**TASK DETAILS:**
The answer must be the full listing, repeated word for word.

**DATASET EXCERPT:**

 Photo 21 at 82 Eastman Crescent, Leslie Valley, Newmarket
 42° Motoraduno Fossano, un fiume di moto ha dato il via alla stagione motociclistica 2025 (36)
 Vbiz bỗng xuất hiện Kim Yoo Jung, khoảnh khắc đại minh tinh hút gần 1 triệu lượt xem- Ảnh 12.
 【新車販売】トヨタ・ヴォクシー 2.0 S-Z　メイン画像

**EXPECTED ANSWER:**
 Photo 21 at 82 Eastman Crescent, Leslie Valley, Newmarket
 42° Motoraduno Fossano, un fiume di moto ha dato il via alla stagione motociclistica 2025 (36)
 Vbiz bỗng xuất hiện Kim Yoo Jung, khoảnh khắc đại minh tinh hút gần 1 triệu lượt xem- Ảnh 12.
 【新車販売】トヨタ・ヴォクシー 2.0 S-Z　メイン画像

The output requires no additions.